Excerpted records below:

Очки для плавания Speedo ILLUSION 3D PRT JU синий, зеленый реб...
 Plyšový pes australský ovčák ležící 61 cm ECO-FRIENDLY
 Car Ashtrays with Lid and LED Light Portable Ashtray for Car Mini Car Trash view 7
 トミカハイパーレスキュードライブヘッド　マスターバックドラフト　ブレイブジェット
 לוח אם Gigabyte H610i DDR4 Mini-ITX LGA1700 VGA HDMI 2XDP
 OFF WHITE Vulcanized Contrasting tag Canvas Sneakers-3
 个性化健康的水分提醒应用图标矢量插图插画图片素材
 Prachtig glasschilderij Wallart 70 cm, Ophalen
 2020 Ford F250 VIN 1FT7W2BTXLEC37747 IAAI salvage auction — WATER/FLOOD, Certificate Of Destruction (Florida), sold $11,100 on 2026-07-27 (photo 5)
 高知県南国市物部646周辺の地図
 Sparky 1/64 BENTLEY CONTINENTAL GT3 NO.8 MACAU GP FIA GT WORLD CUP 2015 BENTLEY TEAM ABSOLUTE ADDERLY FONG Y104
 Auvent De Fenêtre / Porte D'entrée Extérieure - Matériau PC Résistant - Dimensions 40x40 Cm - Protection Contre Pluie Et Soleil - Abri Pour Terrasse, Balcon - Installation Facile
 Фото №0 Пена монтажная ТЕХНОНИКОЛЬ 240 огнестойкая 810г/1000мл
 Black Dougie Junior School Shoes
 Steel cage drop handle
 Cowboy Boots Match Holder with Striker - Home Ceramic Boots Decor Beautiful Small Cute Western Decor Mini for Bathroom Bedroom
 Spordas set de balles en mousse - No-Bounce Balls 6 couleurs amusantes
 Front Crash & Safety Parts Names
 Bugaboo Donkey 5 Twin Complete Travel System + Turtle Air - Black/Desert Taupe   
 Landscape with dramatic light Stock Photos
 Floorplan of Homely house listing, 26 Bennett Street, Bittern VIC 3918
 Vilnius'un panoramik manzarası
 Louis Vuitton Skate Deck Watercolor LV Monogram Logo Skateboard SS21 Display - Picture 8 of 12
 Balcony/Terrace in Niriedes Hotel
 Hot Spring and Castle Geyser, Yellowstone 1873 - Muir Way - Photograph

End of Excerpted records.

■ **Instructions for the task**:
Lines from the start of the records through the one containing "Prachtig glasschilderij Wallart" are what should be retyped, exactly and in full, both ends included.

■ **Solution**:
Очки для плавания Speedo ILLUSION 3D PRT JU синий, зеленый реб...
 Plyšový pes australský ovčák ležící 61 cm ECO-FRIENDLY
 Car Ashtrays with Lid and LED Light Portable Ashtray for Car Mini Car Trash view 7
 トミカハイパーレスキュードライブヘッド　マスターバックドラフト　ブレイブジェット
 לוח אם Gigabyte H610i DDR4 Mini-ITX LGA1700 VGA HDMI 2XDP
 OFF WHITE Vulcanized Contrasting tag Canvas Sneakers-3
 个性化健康的水分提醒应用图标矢量插图插画图片素材
 Prachtig glasschilderij Wallart 70 cm, Ophalen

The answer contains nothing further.